= Beginning of Section =

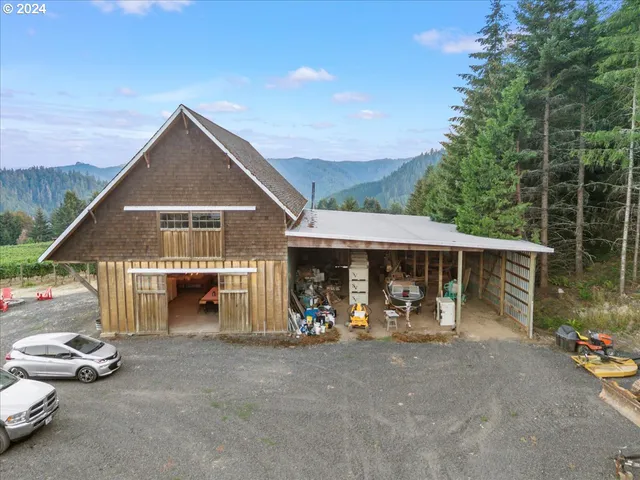 $2,800,000 | 841 Skelly Road, Yoncalla, OR 97499
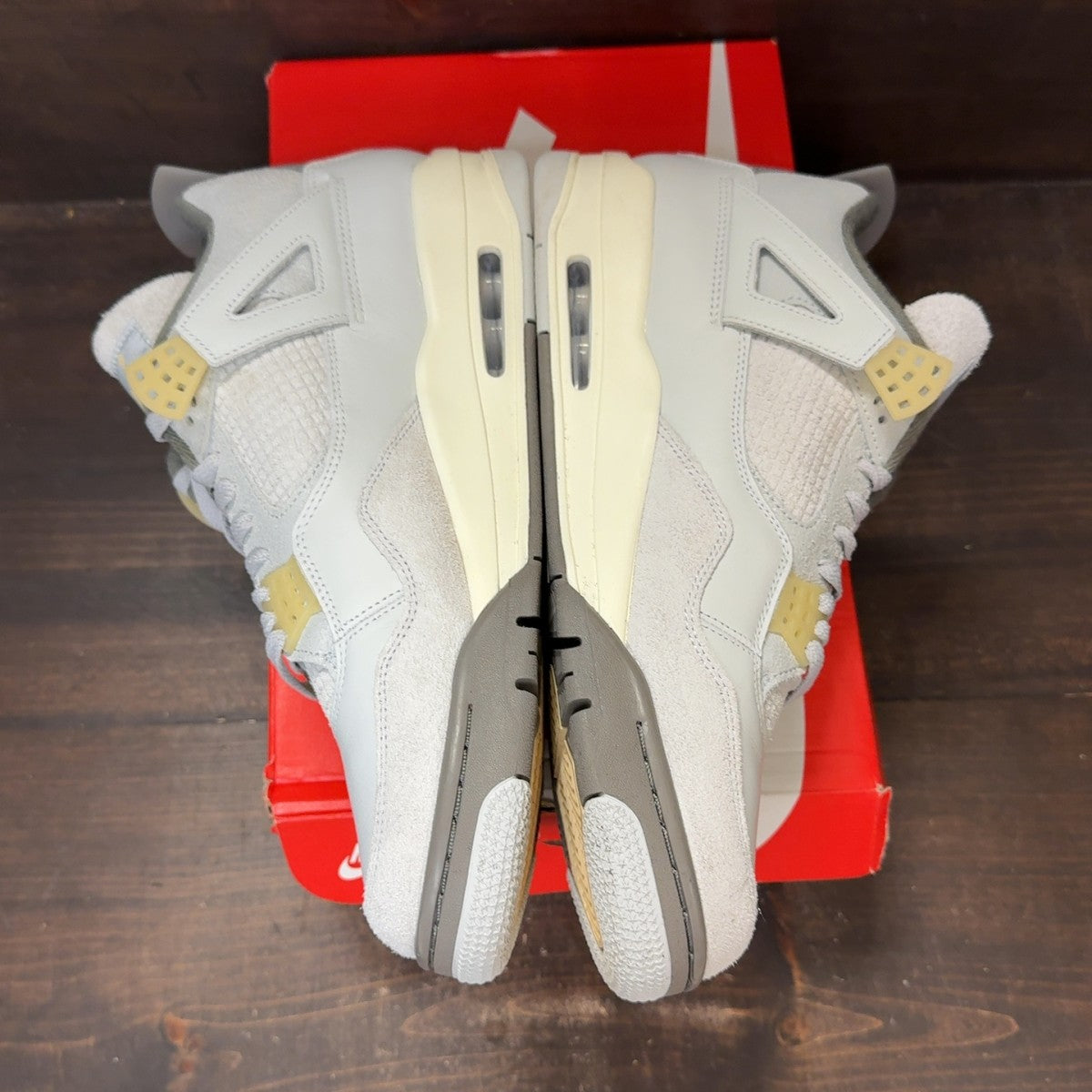 Jordan 4 Retro SE Craft Photon Dust Size 12 (Pre-Owned) - aux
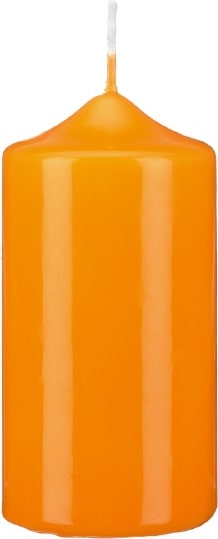 Eine orangefarbene Kerze.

= End of Section =

▸ **Assignment**
An exact transcript is required, covering the lines from the one containing "Jordan 4 Retro" through the end of the listing above, inclusive, without pictures.

▸ **Answer**
 Jordan 4 Retro SE Craft Photon Dust Size 12 (Pre-Owned) - aux
 Eine orangefarbene Kerze.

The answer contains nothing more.